Bending-induced phase transition in monolayer black phosphorus

doi:10.1088/1674-1056/24/8/086401

Abstract

Bending-induced phase transition in monolayer black phosphorus is investigated through first principles calculations. By wrapping the layer into nanotubes along armchair and zigzag directions with different curvatures, it is found that phase transitions of the tubes occur when radius of curvature is smaller than 5 Å in bending along the zigzag direction, while the tubes remain stable along the armchair direction. Small zigzag tubes with odd numbered monolayer unit cells tend to transfer toward armchair-like phases, but the tubes with even numbered monolayer unit cells transfer into new complex bonding structures. The mechanism for the bending-induced phase transition is revealed by the comprehensive analyses of the bending strain energies, electron density distributions, and band structures.
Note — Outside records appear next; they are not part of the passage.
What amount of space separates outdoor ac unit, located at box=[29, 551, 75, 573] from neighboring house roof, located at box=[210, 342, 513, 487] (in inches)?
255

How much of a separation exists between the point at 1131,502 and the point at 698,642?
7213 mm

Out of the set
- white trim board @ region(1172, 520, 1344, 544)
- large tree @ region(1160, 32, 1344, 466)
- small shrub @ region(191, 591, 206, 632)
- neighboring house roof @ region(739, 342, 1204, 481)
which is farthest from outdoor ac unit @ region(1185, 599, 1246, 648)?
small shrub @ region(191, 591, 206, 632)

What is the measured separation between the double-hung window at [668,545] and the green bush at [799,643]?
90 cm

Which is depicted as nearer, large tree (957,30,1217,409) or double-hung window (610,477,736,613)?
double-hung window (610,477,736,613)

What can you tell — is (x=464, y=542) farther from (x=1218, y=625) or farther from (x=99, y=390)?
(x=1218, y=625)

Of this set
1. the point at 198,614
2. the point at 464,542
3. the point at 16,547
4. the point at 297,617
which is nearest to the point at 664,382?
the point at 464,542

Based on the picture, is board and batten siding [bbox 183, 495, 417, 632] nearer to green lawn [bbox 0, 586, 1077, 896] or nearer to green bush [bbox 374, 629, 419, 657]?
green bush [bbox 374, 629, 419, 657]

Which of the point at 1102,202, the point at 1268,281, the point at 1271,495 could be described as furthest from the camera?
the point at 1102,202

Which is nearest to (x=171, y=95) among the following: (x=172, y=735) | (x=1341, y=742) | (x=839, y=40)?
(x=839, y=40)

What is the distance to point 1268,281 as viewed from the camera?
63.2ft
The results show significant anisotropic bending stability of black phosphorus and should be helpful for its mechanical cleavage fabrication in large size.

Keywords: bending monolayer black phosphorus phase transition

Received: 23 January 2015
Revised: 30 March 2015
Accepted manuscript online:

PACS:	64.70.Nd	(Structural transitions in nanoscale materials)
	71.15.Nc	(Total energy and cohesive energy calculations)
	71.20.-b	(Electron density of states and band structure of crystalline solids)
	73.63.Fg	(Nanotubes)

Fund:

Project supported by the National Natural Science Foundation of China (Grant Nos. 11021262, 11172303, and 11132011) and the National Basic Research Program of China (Grant No.2012CB937500).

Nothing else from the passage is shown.